[Start of section]

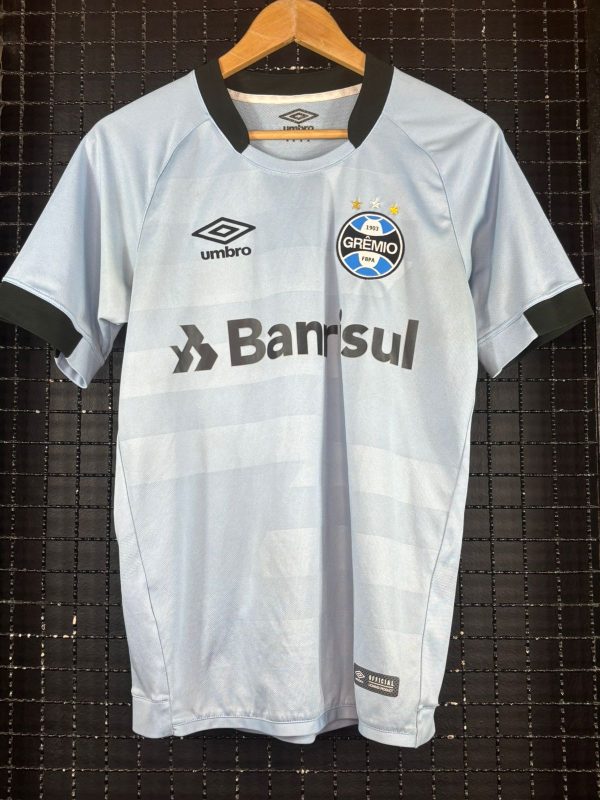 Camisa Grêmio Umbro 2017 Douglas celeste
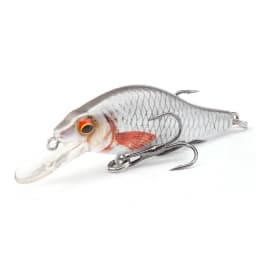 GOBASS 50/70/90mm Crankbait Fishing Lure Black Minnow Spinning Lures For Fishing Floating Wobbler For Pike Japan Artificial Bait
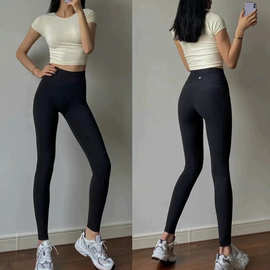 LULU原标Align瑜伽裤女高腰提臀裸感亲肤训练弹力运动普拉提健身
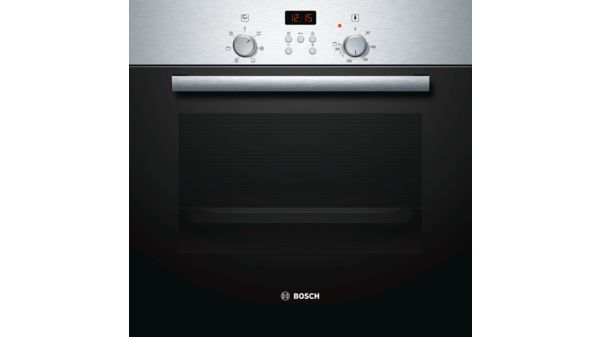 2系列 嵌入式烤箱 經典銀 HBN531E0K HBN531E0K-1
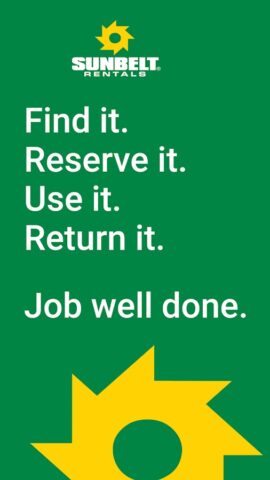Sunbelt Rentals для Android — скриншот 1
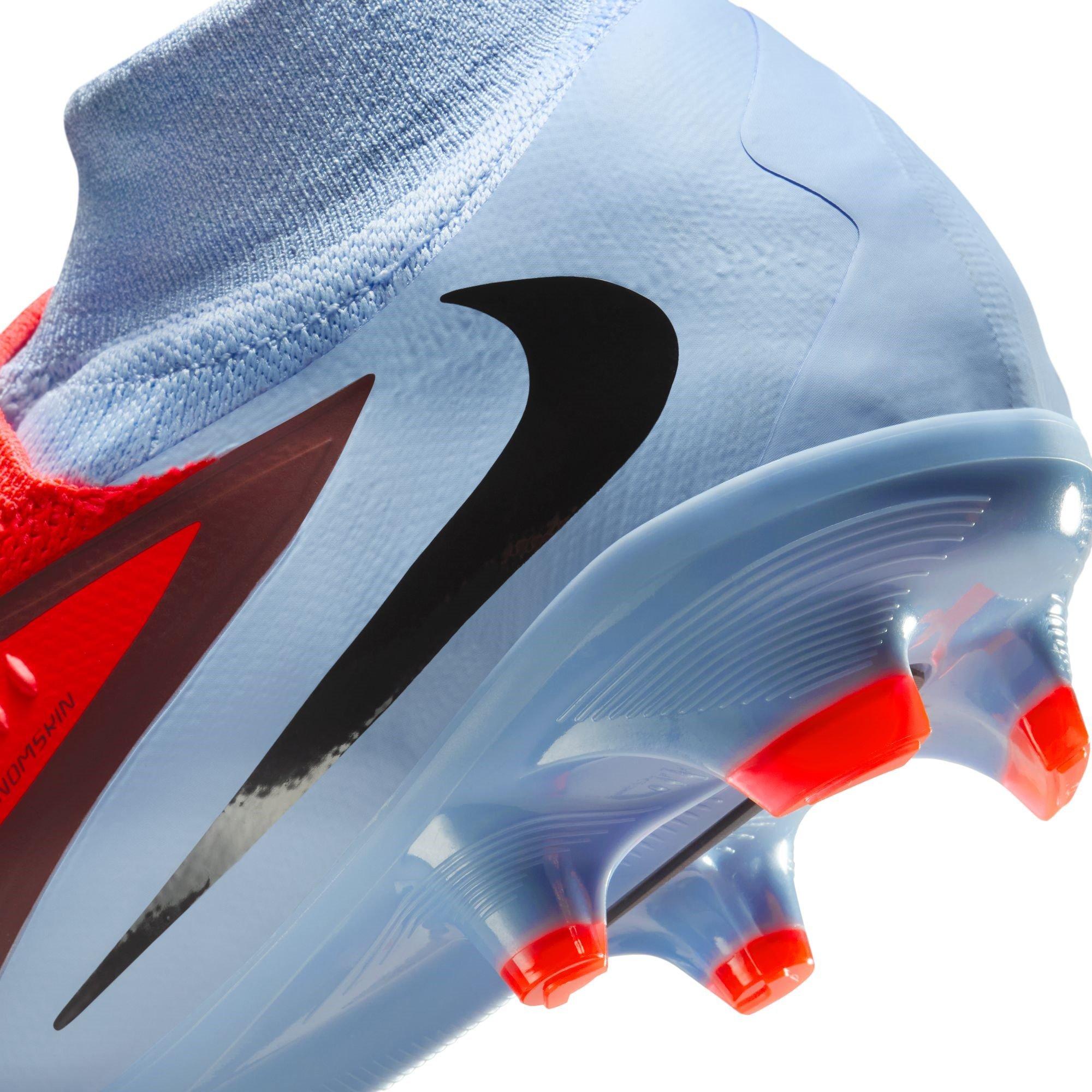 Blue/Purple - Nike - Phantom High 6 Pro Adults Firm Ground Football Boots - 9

[End of section]

Transcribe the listing above verbatim. No picture belongs in the result.

● **Finished exercise**:
 Camisa Grêmio Umbro 2017 Douglas celeste
 GOBASS 50/70/90mm Crankbait Fishing Lure Black Minnow Spinning Lures For Fishing Floating Wobbler For Pike Japan Artificial Bait
 LULU原标Align瑜伽裤女高腰提臀裸感亲肤训练弹力运动普拉提健身
 2系列 嵌入式烤箱 經典銀 HBN531E0K HBN531E0K-1
Sunbelt Rentals для Android — скриншот 1
 Blue/Purple - Nike - Phantom High 6 Pro Adults Firm Ground Football Boots - 9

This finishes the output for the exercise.